Jean-Eugène Robert-Houdin n’est alors pas encore considéré comme un scientifique, malgré les brevets qu’il a déposés en horlogerie et en électricité. Il achète une propriété à Saint-Gervais-la-Forêt (Loir-et-Cher) pour se consacrer à ses recherches. Pragmatique, il développe des systèmes automatiques pour s’éviter les tâches répétitives, se révélant ainsi précurseur de la domotique. Le portail d’entrée du parc est équipé d’une gâche électrique qui permet l’ouverture à distance. Certaines de ses inventions, comme le plastron électrique des escrimeurs, sont encore utilisées de nos jours.

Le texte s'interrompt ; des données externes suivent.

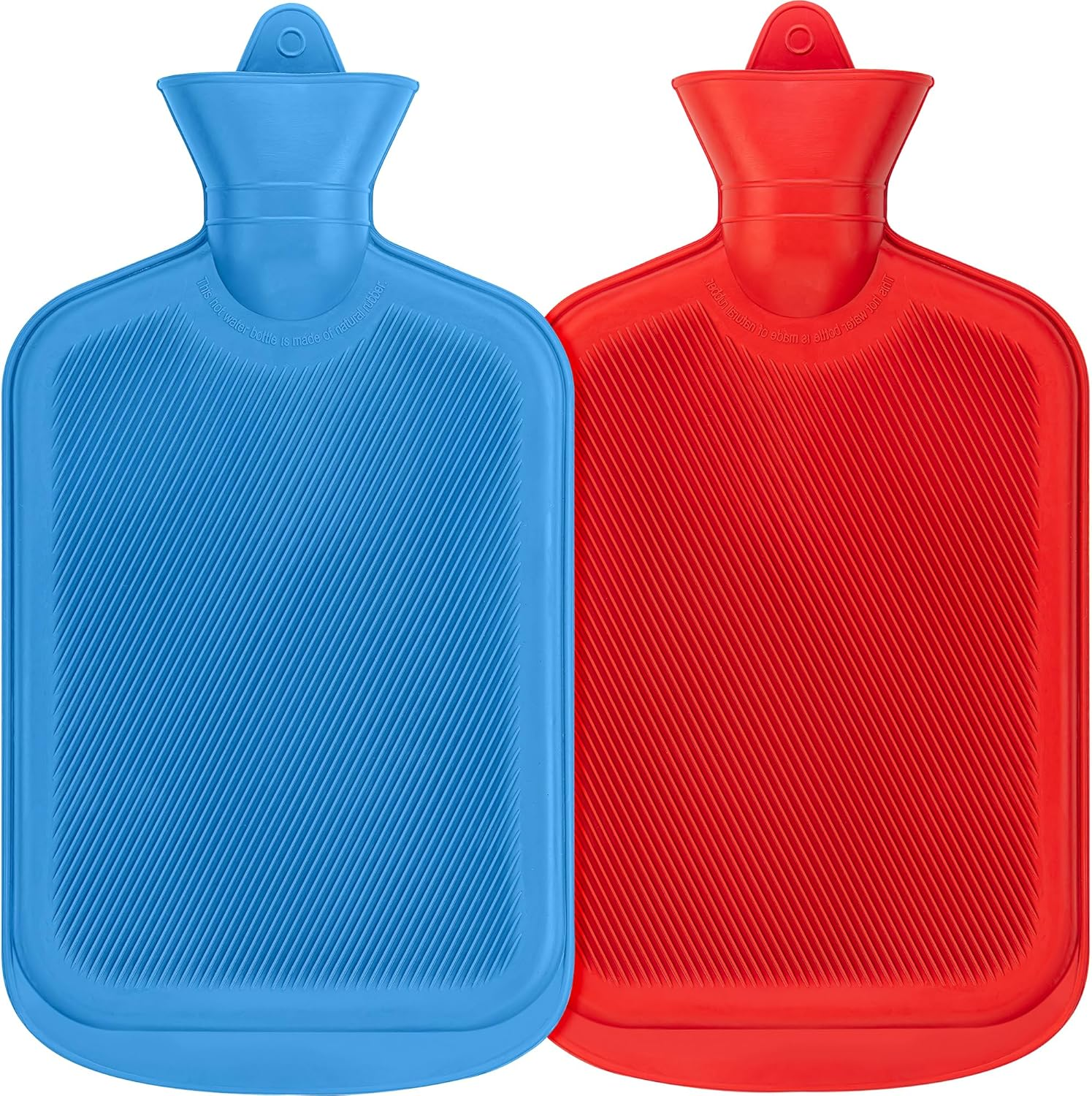 Steadmax Hot Water Bottle, Natural Rubber -BPA FREE- Durable Hot Water Bag for Hot Compress and Heat Therapy, Random Colors (2 Pack) image number 4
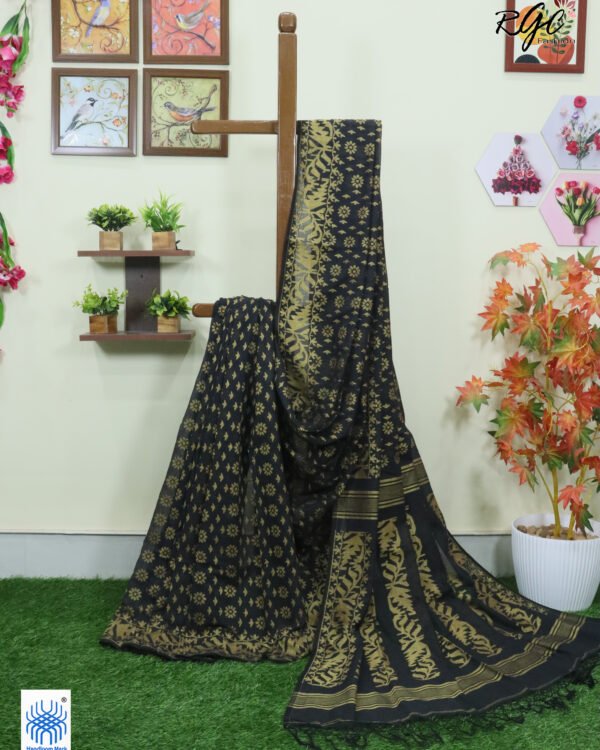 Black Cotton Allover Dhakai Jamdani Saree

Dès 1851, il présente aux notables de Blois une expérience d’éclairage à arc électrique avec un fil de bambou enduit de poudre de carbone. Un procédé qui anticipe l’ampoule à filament métallique de Thomas Edison (1878). En 1869, il voit enfin s’ouvrir les portes de l’Académie des sciences, mais l’armée prussienne prend Blois. Épuisé par les privations de l’occupation, Jean-Eugène RobertHoudin meurt d’une pneumonie, le 13 juin 1871. Il reste aux yeux de ses confrères magiciens le plus grand d’entre eux. Ehrich Weisz choisira d’ailleurs le pseudonyme Houdini en son hommage.